Efficacy and safety of trastuzumab (T-mab) and paclitaxel for T-mab naïve patients with HER2 positive previously treated metastatic gastric cancer (JFMC45-1102).

63 Background: The global, randomized, Phase III ToGA study showed that the first-line treatment of trastuzumab (T-mab) combined with capecitabine and cisplatin a survival (OS) benefit for patients (pts) with HER2-positive metastatic gastric cancer (mGC). However, there is no report concerning about the efficacy and safety of T-mab containing second-line treatment for T-mab naïve patients with HER2-positive mGC. Therefore, we planned a phase II study of paclitaxel plus trastuzumab in this setting. Methods: JFMC45-1102 is multicentre Phase II study.
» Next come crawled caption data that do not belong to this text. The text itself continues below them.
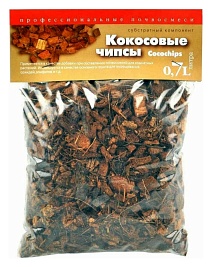 Кокосовые чипсы, 700 мл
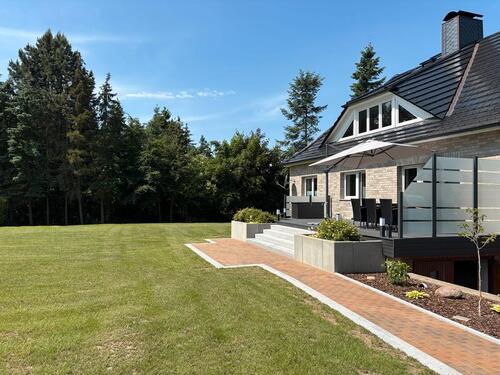 Foto - Ferienhaus Mecklenburgische Seenplatte Ostsee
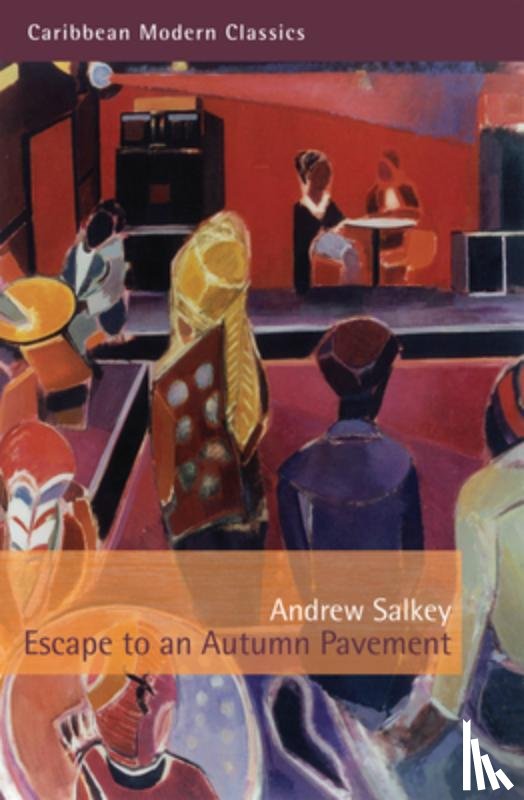 Salkey, Andrew - Escape to An Autumn Pavement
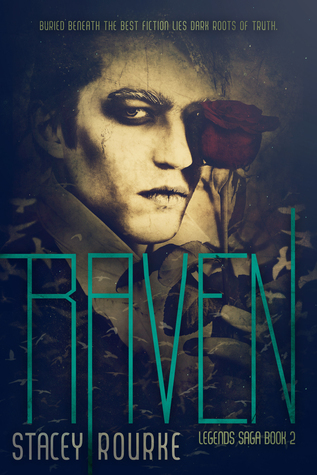 The Legends Saga book cover 2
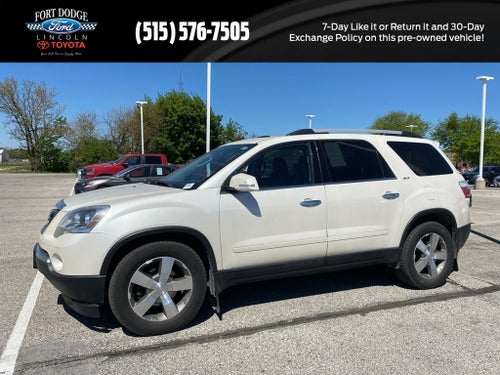 2011 GMC Acadia SLT-1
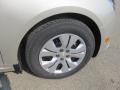 Champagne Silver Metallic - Cruze LS Photo No. 8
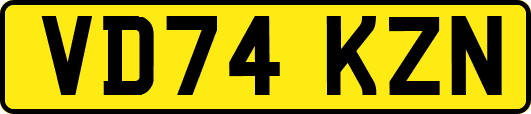 VD74KZN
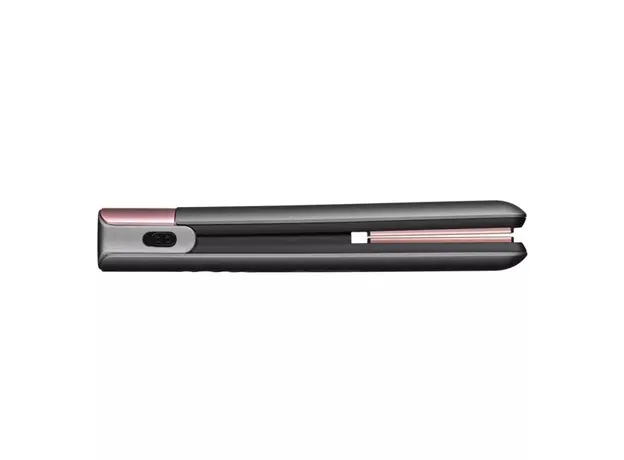 თმის გასასწორებელი Ardesto HS-R300PT Pink Touch, 50W, Hair Straightener, Grey/Pink, 6 image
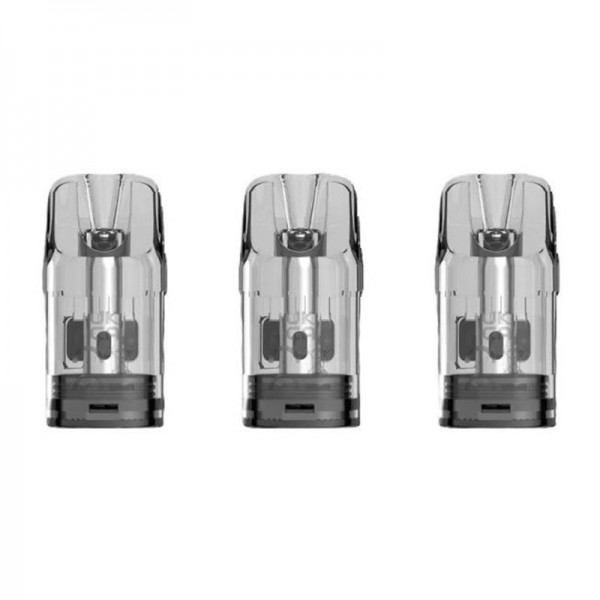 SMOK Zrex RF Pod Cartridge 2ml 0.8Ω Mesh Replacement Pods 3PCS SMOK Zrex RF Pod Cartridge 2ml 0.8Ω Mesh Replacement Pods 3PCS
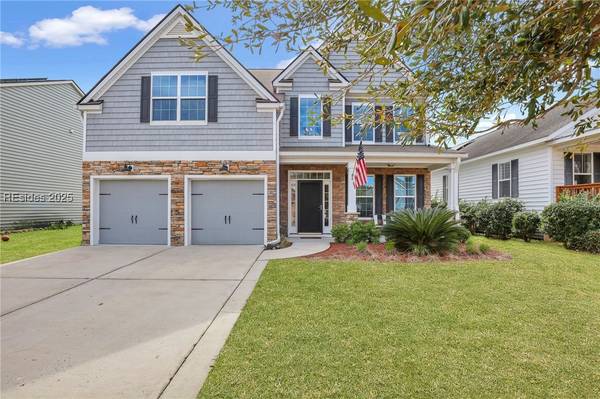 8 Bradford CT, Beaufort, SC 29902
Patient (pts) with HER2 positive (IHC3+ or IHC2+/FISH+), histologically confirmed gastric adenocarcinoma, age≥20, received one or more prior chemotherapy but no prior therapy with T-mab, normal left ventricular ejection fraction (LVEF ≥ 50%) were eligible. Pts received paclitaxel (80 mg/m2on days 1, 8, and, 15 q4w) plus T-mab (8 mg/kg for the initial dose, followed by 6 mg/kg q3w) until disease progression, unacceptable toxicity or patient’s refusal. The primary endpoint was overall response rate evaluated according to RECIST ver1.0 (ORR; Threshold and expected ORR would be 15% and 30%), and the secondary endpoints include progression free survival (PFS), time to treatment failure (TTF), overall survival (OS) and safety. A LVEF assessment was repeated every three months. Results: Between November 2011 to March 2012, 45 pts were enrolled. Pts characteristics were: gender (M/F); 36/9, median age; 69, ECOG PS0/1/2; 34/10/1, advanced/recurrence; 25/20, number of prior treatment (1/2): 40/5. At 16 weeks, 43 pts were ORR and disease control rate (CR+PR+SD) were 37.2% (95% CI; 23.0%-53.3%) and 83.7%(95% CI; 69.3%-93.2%), respectively. The LVEF assessment was performed in 31 patients. More than 10% decrease in LVEF was observed in only one patient, although total incidence of decrease in LVEF was 56% (17/31 pts). Conclusions: Combination chemotherapy of paclitaxel plus trastuzumab is generally well tolerated and showed promising activity for T-mab native patients with HER2-positive previously treated advanced or recurrent gastric cancer. Clinical trial information: UMIN000006223.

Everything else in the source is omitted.